Disease burden and threat in Canada
Our reactions to COVID-19 should recognize threat isn’t spread equally across population
In the past few months, most of us have experienced acute anxiety about the threat of contracting the virus SARS-CoV-2, developing the disease COVID-19, becoming seriously ill, requiring hospitalization, ventilation and dying.
A technical report published by the Public Health Agency of Canada (PHAC) on April 9 estimated that with stronger mitigation controls, up to 10 per cent of Canadians would be infected, with 44,000 deaths; and with weaker mitigation controls, up to 50 per cent would be infected with 220,000 deaths. Expressed as deaths per thousand, this latter estimate (5.8/1,000) is just under the estimate for 1918-20 Spanish flu pandemic (6.7/1,000). Are these projections of disease burden meaningful?
Disease burden in pandemics is measured in three ways: 1. by the number of infections: a count of individuals (cases) testing positive for SARS-CoV-2; 2. by the number of deaths: a count of individuals assigned COVID-19 as the cause of death; and 3. the case fatality rate (CFR): the percentage of individuals dying among those with infection.
The number of infections is not a useful measure of disease burden for three reasons.
One, the number of infections depends on the number of individuals tested each day — the more individuals tested, the more cases of infection identified. Two, concern about transmission of the virus to health care practitioners and the urgency to help those who are ill mean that individuals seeking health care with suspected infection are priorities for testing. These individuals, more likely to test positive for the virus and at greater risk for death due to pre-existing medical conditions, exaggerate the number of infections linked to deaths among those tested. Three, we know little about the symptom profile of the 90 to 95 per cent of individuals testing positive for the virus but not dying.
Until general population surveys of individuals with the virus are implemented and variations in symptom response are clarified, the burden of disease associated with infection will remain unknown.

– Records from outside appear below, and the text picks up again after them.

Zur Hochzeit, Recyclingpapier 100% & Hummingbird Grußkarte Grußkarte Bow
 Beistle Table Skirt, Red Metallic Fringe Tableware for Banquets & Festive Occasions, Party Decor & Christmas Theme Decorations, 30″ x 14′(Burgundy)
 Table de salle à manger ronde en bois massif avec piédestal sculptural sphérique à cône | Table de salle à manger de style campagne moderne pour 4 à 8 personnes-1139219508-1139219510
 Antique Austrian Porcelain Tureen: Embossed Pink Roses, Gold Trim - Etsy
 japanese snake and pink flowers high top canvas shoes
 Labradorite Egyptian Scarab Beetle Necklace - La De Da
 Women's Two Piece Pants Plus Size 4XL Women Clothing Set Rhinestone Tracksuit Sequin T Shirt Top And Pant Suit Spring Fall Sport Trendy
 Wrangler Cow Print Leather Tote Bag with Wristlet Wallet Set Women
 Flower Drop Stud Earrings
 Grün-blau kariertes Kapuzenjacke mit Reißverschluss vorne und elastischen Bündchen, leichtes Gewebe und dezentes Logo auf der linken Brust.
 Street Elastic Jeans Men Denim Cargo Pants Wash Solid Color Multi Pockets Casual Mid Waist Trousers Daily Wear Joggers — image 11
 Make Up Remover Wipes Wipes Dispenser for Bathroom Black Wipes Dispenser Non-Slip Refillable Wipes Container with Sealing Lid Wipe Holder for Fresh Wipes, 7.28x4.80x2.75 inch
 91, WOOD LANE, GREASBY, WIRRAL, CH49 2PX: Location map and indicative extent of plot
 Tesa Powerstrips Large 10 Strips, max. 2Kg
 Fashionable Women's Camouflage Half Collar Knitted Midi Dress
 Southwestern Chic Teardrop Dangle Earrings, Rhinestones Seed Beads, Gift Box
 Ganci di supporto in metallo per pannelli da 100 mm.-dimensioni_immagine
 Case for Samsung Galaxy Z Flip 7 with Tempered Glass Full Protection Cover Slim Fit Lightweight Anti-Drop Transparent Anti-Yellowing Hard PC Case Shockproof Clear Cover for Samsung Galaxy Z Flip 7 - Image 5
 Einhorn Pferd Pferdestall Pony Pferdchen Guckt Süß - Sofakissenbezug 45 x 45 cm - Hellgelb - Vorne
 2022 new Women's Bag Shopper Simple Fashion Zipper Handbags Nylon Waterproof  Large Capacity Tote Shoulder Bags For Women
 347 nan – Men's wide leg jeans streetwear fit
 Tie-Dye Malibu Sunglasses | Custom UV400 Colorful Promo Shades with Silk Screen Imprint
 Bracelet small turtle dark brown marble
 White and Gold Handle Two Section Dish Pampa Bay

Loss of life is the ultimate and most meaningful indicator of disease burden in pandemics.
On May 13, there were 5,304 deaths in Canada attributable COVID-19. However, it is not the count of deaths but their distribution that is important. Residents of longterm care homes account for more than eight in 10 of these deaths. Among Canadians hospitalized with COVID-19, less than one per cent are under 20 years old with no deaths; two-thirds are aged 60 or older, accounting for 95 per cent of all deaths; and about 74 per cent have one or more pre-existing medical conditions.
The case fatality rate (CFR) is a misleading measure of disease burden because it carries over the distortions associated with counts of infection, inflating estimated risk for death. Our CFR is currently 7.2 per 100. The CFR used in the PHAC report was 1.2 per 100. The actual CFR could be less than half of that.
A threat is a perception that something bad is going to happen. Watching the counts of infections and deaths multiplying each day has created a mesmerizing sense of threat for everyone. This threat has been brought to life by local death counts and individual stories of personal tragedy — the loss of a relative, a friend, a notable figure — as well as stories of extraordinary heroism and sacrifice — health care providers doing their job in the face of great risk and desperate need.
A burden is something we must bear — grief, pain, loss of function and, ultimately, death. Although the threat of COVID-19 is being perceived by everyone, the burden of the disease is not experienced equally. Unlike previous pandemics, the young have been spared, but not the elderly or those with predisposing health conditions. We have known for months about the vulnerability of these groups yet attention to them has only come after the recent intense media coverage of long-term care homes.
The estimates of infections and deaths included in the report by PHAC magnify threat for everyone and are wholly unsuitable baselines for determining the number of lives saved by government policies.
This focus on threat has made for public acceptance of extreme, restrictive and disruptive policies, even though the estimates are based largely on unproven assumptions and poor quality information.
Furthermore, this focus on threat has deflected attention from an important task in a pandemic: determining if there are subgroups in the population at excessive risk for dying because of COVID-19; and if there are, putting in place specific, targeted interventions to lower their probability of exposure to SARS-CoV-2.
The characteristics of those dying because of COVID-19 is the best information we have on this disease and we need to use it in planning for the next steps in dealing with this pandemic.
Michael H. Boyle is Professor Emeritus of the Michael G. DeGroote School of Medicine of McMaster University, Hamilton. Laura Duncan is an assistant professor (part time) at McMaster.